Nations Unies

CCPR/C/FIN/CO/6

Pacte international relatif aux droits civils et politiques

Distr. générale

22 août 2013

Français

Original: anglais

Comité des droits de l’homme

Observations finales concernant le sixième rapport périodique de la Finlande *

Le Comité des droits de l’homme a examiné le sixième rapport périodique de la Finlande (CCPR/C/FIN/6) à ses 2987e et 2988e séances (CCPR/C/SR.2987 et 2988), le 12 juillet 2013. À sa 3003e séance (CCPR/C/SR.3003), le 24 juillet 2013, il a adopté les observations finales ci‑après.

A.Introduction

Le Comité accueille avec satisfaction la soumission dans les délais du sixième rapport périodique de la Finlande et les renseignements qu’il contient. Il apprécie l’occasion qui lui a été offerte de renouer le dialogue constructif avec la délégation de l’État partie au sujet des mesures prises pendant la période considérée pour mettre en œuvre les dispositions du Pacte. Le Comité remercie l’État partie des réponses écrites (CCPR/C/FIN/Q/6/Add.1) qu’il a apportées à la liste des points à traiter, et qui ont été complétées oralement par la délégation.

B.Aspects positifs

Le Comité accueille avec satisfaction les mesures d’ordre législatif et institutionnel suivantes:

i)L’adoption de la loi de promotion de l’intégration des immigrants (loi sur l’intégration, no 1386/2010), en 2010;

ii)L’adoption de la loi sur l’accueil des demandeurs d’une protection internationale (loi sur l’accueil, no 746/2011), en 2011;

iii)L’adoption du premier plan national d’action en faveur des droits de l’homme et des libertés fondamentales, en 2012;

iv)La modification du Code pénal (no 511/2011), qui est entrée en vigueur en juin 2011; et

v)La modification de la loi sur les étrangers, qui est entrée en vigueur en août 2010.
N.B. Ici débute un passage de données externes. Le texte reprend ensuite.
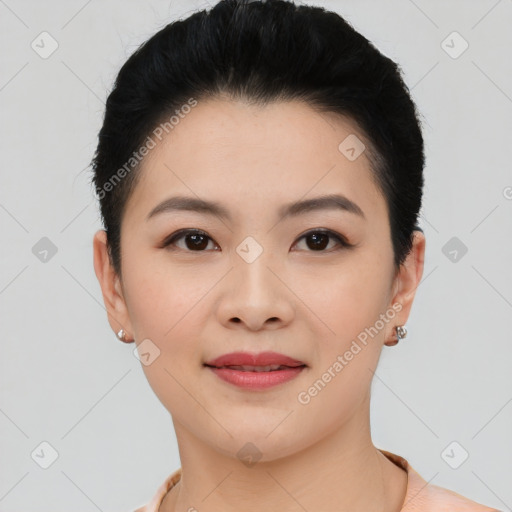 Joyful asian young-adult female with short  black hair and brown eyes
C.Principaux sujets de préoccupation et recommandations

Le Comité regrette que l’État partie maintienne ses réserves, en particulier au paragraphe 7 de l’article 14 et au paragraphe 1 de l’article 20 du Pacte qui, de l’avis du Comité, sont sans fondement compte tenu de l’interprétation de ces dispositions par le Comité (art. 2).

L’État partie devrait réexaminer continuellement les réserves qu’il a émises au Pacte et envisager de les retirer en tout ou en partie.

Le Comité note que l’État partie a incorporé le Pacte dans son droit interne mais il relève que dans quelques cas seulement les dispositions du Pacte ont été invoquées devant les juridictions nationales depuis l’examen du rapport précédent (art. 2).

L’État partie devrait prendre des mesures appropriées pour mieux faire connaître le Pacte parmi les juges, les avocats et les procureurs de façon que ses dispositions soient prises en considération par les juridictions nationales. Il devrait également faire figurer dans son prochain rapport périodique des exemples d’application du Pacte par les tribunaux.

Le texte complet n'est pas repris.